----- STORED DATA -----
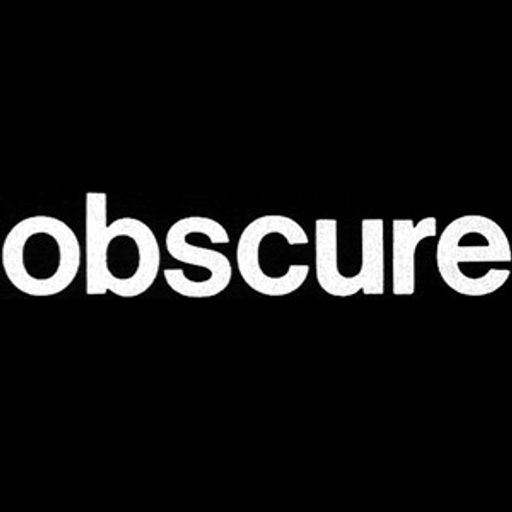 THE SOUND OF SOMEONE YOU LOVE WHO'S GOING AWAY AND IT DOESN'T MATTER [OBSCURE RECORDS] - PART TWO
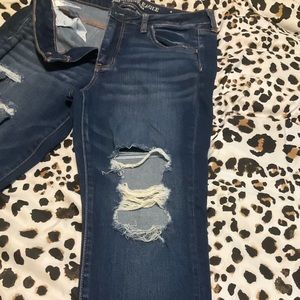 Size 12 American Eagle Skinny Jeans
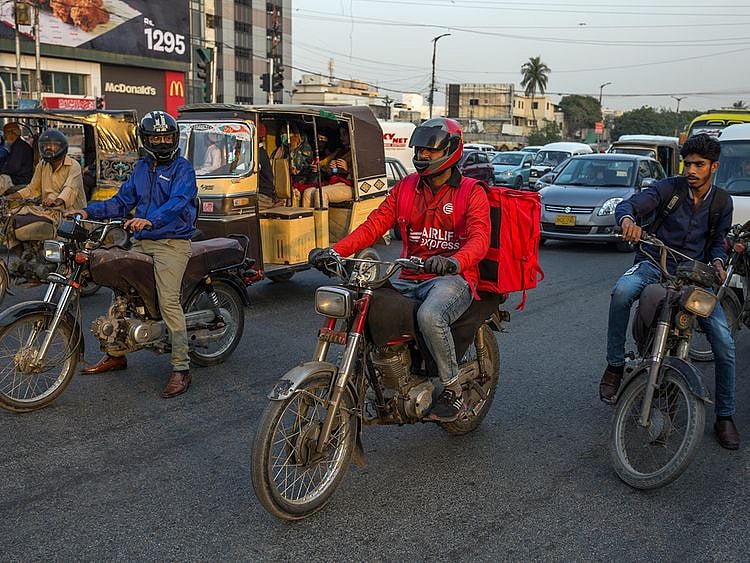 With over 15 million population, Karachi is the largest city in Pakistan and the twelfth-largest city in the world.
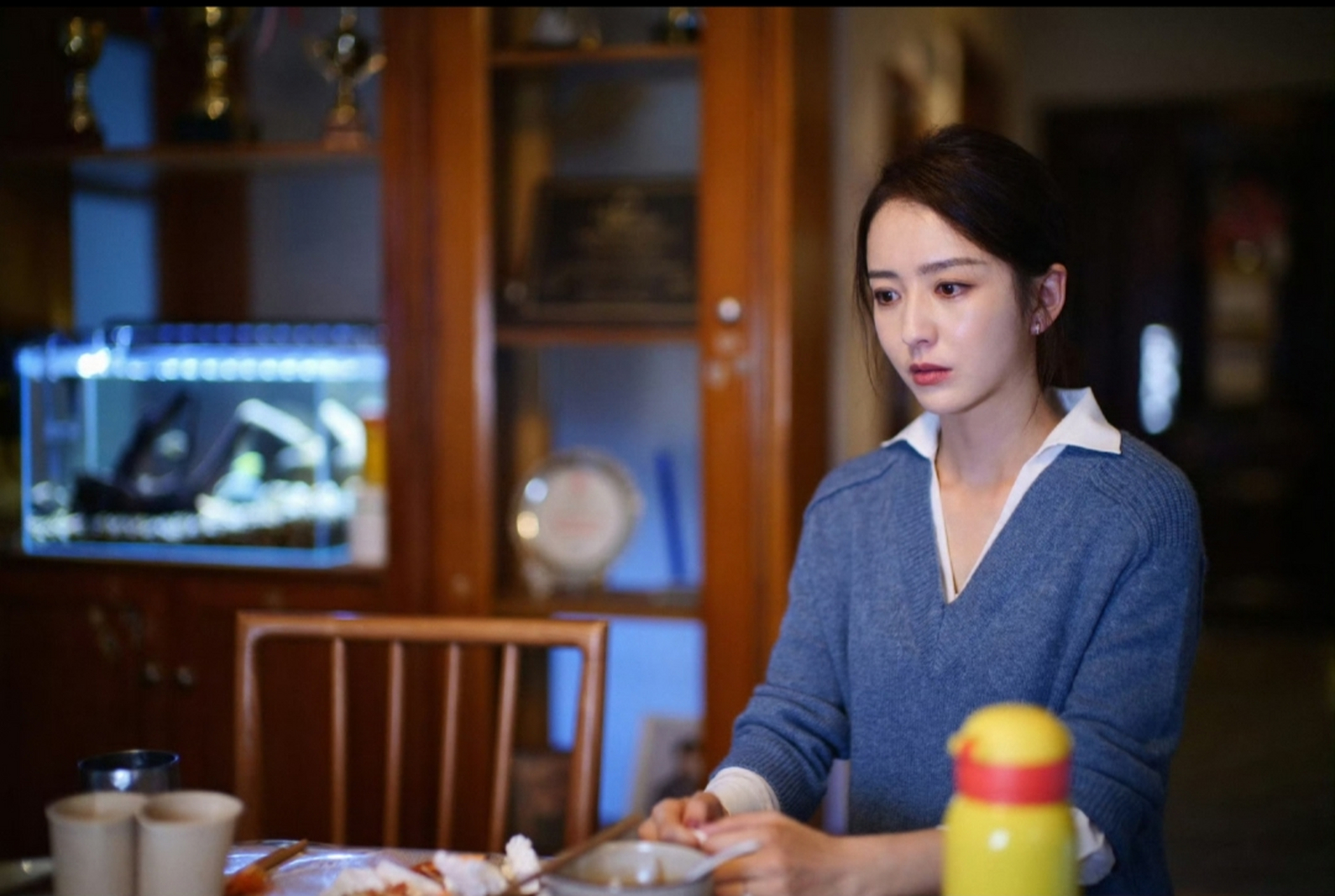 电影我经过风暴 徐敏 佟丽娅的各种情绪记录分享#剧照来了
-----
▶ _PROBLEM DETAILS_
Omit the pictures. Repeat the rest of the data exactly.

▶ _RESPONSE_
 THE SOUND OF SOMEONE YOU LOVE WHO'S GOING AWAY AND IT DOESN'T MATTER [OBSCURE RECORDS] - PART TWO
 Size 12 American Eagle Skinny Jeans
 With over 15 million population, Karachi is the largest city in Pakistan and the twelfth-largest city in the world.
 电影我经过风暴 徐敏 佟丽娅的各种情绪记录分享#剧照来了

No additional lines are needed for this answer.